The appointment of an administrator

[17] I am satisfied from submissions that the body corporate has not done some things in accordance with the legislation. The question is whether it is demonstrated it is necessary in the circumstances that I appoint an administrator.
[18] In Surace v Commisso [2009] CCT KA002-09, the Commercial and Consumer Tribunal (the previous appellate jurisdiction for an order made by an adjudicator) stated (paragraph [44]) the appointment “of an administrator...is a significant step since it takes responsibility for the conduct of the affairs of the body corporate out of the hands of the committee and vests it in the administrator. An applicant must therefore demonstrate to the required standard that such a step is appropriate. Typically, without attempting to be exhaustive, there will be evidence that the body corporate is so dysfunctional that it cannot operate properly within the statutory framework that governs it, or that there is a well founded suspicion, on the part of an applicant for appointment of an administrator of financial malpractice within the body corporate, or that there is conduct that amounts to undue oppression in the conduct of its affairs.”
[19] Applying Surace, I am satisfied from the material the appointment of an administrator is necessary.
[20] The applicants refer to the owners of Lots 1, 2, 4 and 7 as the body corporate manager. Yet there is no evidence these owners, either individually or together, have been or continue to be, properly engaged by the body corporate as body corporate manager. There is no evidence the body corporate has held annual general meetings, or that these meetings have been held, in accordance with the legislation. Neither is there any material demonstrating that a committee has been elected or that a body corporate manager has been properly engaged in its place. The applicants have also raised a number of significant considerations in relation to the financial management of the body corporate.
[21] I am satisfied from submissions that a person needs to be appointed as an administrator. I am not satisfied from submissions that this person could be an owner or a person who may be a body corporate manager.
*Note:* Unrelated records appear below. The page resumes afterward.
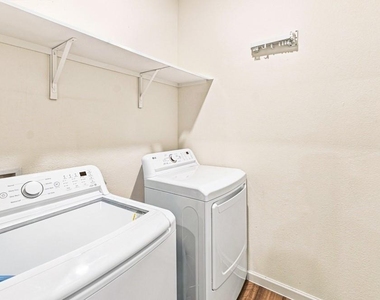 8405 Hawkview Drive - Photo Thumbnail 20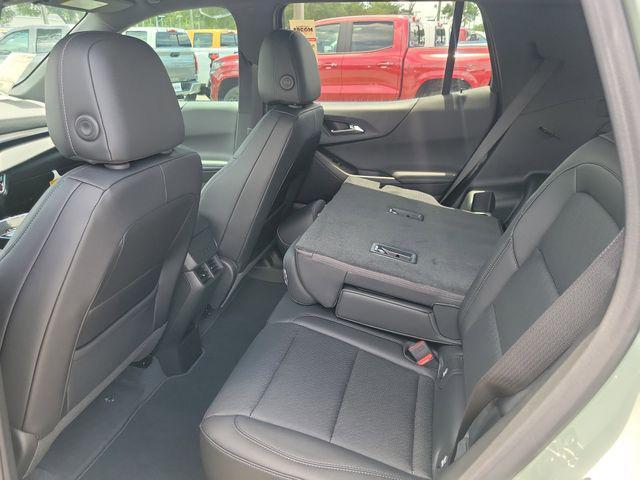 new 2026 Chevrolet Equinox car, priced at $32,903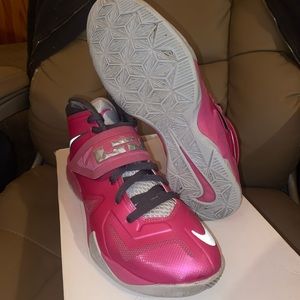 Nike Zoom Solider VII Sneakers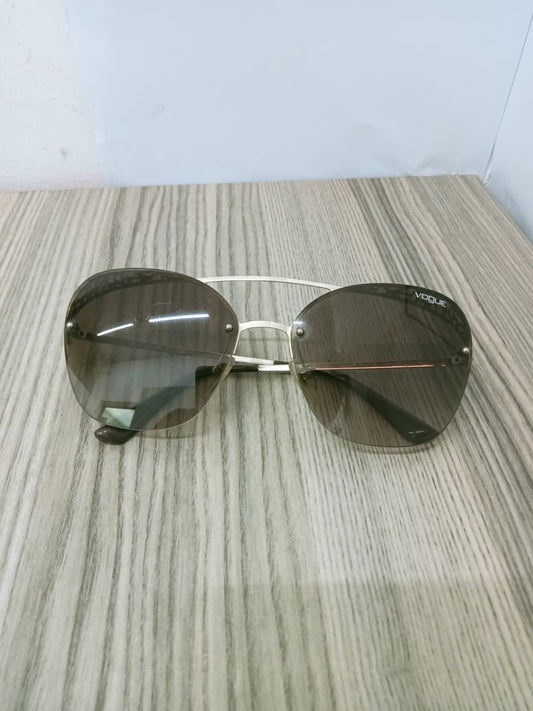 lentes vogue dorados-usados
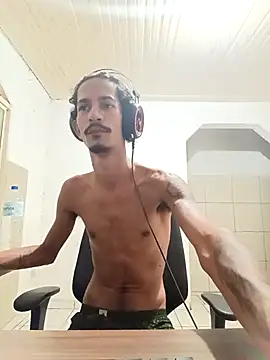 Snapshot of theyllorwillian chatting on November 2025 03:29:02 AM theyllorwillian online show from November 2025 03:29:02 AM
Even if one or both owners of Lots 1, 2, 4 and 7 are engaged as the body corporate manager, this arrangement does not prevent a person being appointed as administrator.
[22] The applicants have submitted that Challenge Strata Management be appointed as administrator. Anna Ribic has not questioned this nomination. No other owners made submissions. In this circumstance, I consider it is appropriate to appoint Challenge Strata Management.
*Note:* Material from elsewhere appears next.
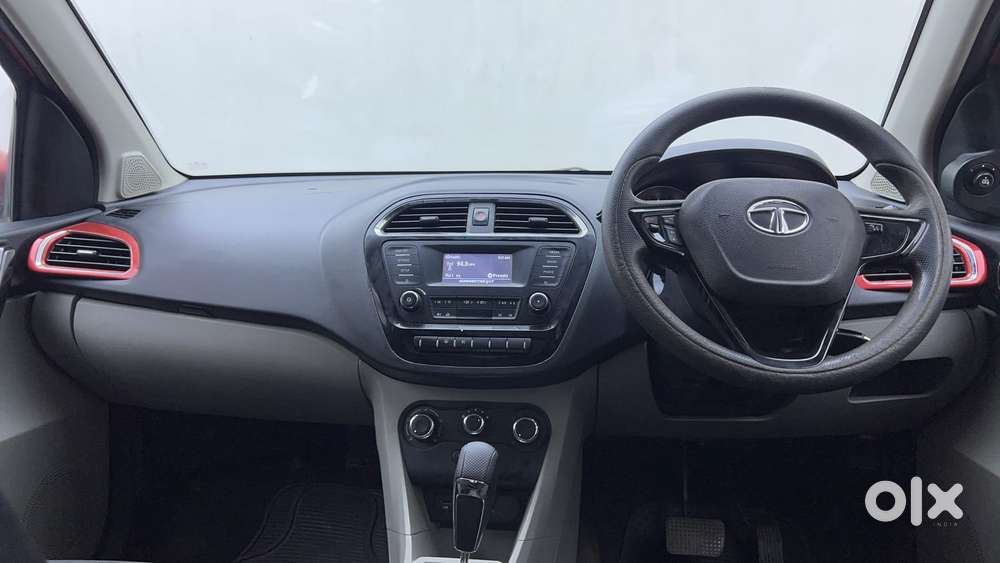 Tata Tiago Xza, 2019, Petrol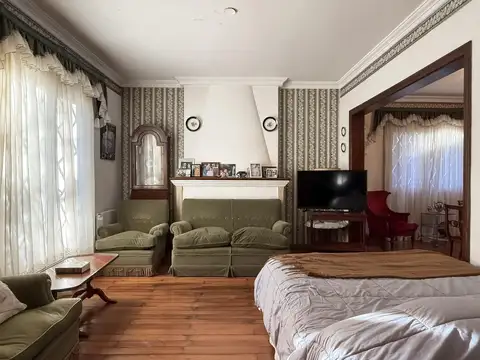 Casa en Venta, 2 Plantas, Con Jardín y Cochera, Ideal Actualización - Martínez, San Isidro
[23] The applicants have asked for a period of appointment determined by me. In my view, it is appropriate a period be given to enable the administrator to call, hold and chair an annual general meeting of the body corporate. The primary purpose of this meeting is to deal with those matters, such as statutory motions and the choosing of a committee, which must be included on the agenda of an annual general meeting. However, the meeting may consider any other motion properly submitted.
[24] I consider it is appropriate to also make provision for remunerating the administrator. The order may fix the administrator’s remuneration which is to be paid out the body corporate funds (s 301(4)(c) and (5), Act).
[25] It will be a matter for the body corporate to decide arrangements with respect to its ongoing management.